§ About this exercise:
When the line containing "NIFEA 33536 Radiator" is reached, include it and end there; set down verbatim every line before it, starting at the top of the records.

§ Records for the exercise:
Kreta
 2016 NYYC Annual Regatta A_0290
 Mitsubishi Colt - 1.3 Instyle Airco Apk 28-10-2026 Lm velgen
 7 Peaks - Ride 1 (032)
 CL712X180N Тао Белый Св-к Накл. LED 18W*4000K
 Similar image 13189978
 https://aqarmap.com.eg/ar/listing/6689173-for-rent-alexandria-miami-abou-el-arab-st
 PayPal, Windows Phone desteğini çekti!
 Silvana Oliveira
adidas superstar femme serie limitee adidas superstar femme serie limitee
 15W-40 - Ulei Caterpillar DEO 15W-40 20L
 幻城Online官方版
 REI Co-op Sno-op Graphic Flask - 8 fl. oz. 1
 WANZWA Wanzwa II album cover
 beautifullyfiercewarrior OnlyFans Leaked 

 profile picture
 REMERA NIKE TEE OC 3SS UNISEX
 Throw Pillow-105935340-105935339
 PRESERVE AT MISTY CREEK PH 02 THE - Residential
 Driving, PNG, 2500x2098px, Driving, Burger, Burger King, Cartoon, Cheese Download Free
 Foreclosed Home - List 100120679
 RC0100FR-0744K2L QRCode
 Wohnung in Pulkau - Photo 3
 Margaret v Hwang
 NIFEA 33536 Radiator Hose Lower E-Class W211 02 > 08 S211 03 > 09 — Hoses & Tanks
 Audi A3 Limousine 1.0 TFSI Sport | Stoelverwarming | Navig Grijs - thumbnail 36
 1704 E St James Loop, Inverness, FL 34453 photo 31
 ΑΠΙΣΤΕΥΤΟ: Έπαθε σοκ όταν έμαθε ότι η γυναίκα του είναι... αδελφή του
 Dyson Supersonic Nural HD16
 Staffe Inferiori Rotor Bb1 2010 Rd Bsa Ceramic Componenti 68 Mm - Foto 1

§ Task answer:
Kreta
 2016 NYYC Annual Regatta A_0290
 Mitsubishi Colt - 1.3 Instyle Airco Apk 28-10-2026 Lm velgen
 7 Peaks - Ride 1 (032)
 CL712X180N Тао Белый Св-к Накл. LED 18W*4000K
 Similar image 13189978
 https://aqarmap.com.eg/ar/listing/6689173-for-rent-alexandria-miami-abou-el-arab-st
 PayPal, Windows Phone desteğini çekti!
 Silvana Oliveira
adidas superstar femme serie limitee adidas superstar femme serie limitee
 15W-40 - Ulei Caterpillar DEO 15W-40 20L
 幻城Online官方版
 REI Co-op Sno-op Graphic Flask - 8 fl. oz. 1
 WANZWA Wanzwa II album cover
 beautifullyfiercewarrior OnlyFans Leaked 

 profile picture
 REMERA NIKE TEE OC 3SS UNISEX
 Throw Pillow-105935340-105935339
 PRESERVE AT MISTY CREEK PH 02 THE - Residential
 Driving, PNG, 2500x2098px, Driving, Burger, Burger King, Cartoon, Cheese Download Free
 Foreclosed Home - List 100120679
 RC0100FR-0744K2L QRCode
 Wohnung in Pulkau - Photo 3
 Margaret v Hwang
 NIFEA 33536 Radiator Hose Lower E-Class W211 02 > 08 S211 03 > 09 — Hoses & Tanks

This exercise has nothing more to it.